GOAL OF THE EXERCISE
All of the data that follows should be retyped exactly as it appears.

TASK INPUTS

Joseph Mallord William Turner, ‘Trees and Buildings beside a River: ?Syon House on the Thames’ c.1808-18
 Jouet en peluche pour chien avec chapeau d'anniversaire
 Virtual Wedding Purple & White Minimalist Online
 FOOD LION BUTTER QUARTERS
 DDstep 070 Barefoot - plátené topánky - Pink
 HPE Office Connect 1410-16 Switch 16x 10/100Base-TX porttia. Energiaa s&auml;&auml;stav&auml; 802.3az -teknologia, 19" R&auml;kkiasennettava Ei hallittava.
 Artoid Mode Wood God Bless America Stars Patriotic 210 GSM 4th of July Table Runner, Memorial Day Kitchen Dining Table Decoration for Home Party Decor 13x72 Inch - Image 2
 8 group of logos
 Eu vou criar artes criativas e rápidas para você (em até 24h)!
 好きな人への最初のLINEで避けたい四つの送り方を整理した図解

RESPONSE TO THIS TASK
Joseph Mallord William Turner, ‘Trees and Buildings beside a River: ?Syon House on the Thames’ c.1808-18
 Jouet en peluche pour chien avec chapeau d'anniversaire
 Virtual Wedding Purple & White Minimalist Online
 FOOD LION BUTTER QUARTERS
 DDstep 070 Barefoot - plátené topánky - Pink
 HPE Office Connect 1410-16 Switch 16x 10/100Base-TX porttia. Energiaa s&auml;&auml;stav&auml; 802.3az -teknologia, 19" R&auml;kkiasennettava Ei hallittava.
 Artoid Mode Wood God Bless America Stars Patriotic 210 GSM 4th of July Table Runner, Memorial Day Kitchen Dining Table Decoration for Home Party Decor 13x72 Inch - Image 2
 8 group of logos
 Eu vou criar artes criativas e rápidas para você (em até 24h)!
 好きな人への最初のLINEで避けたい四つの送り方を整理した図解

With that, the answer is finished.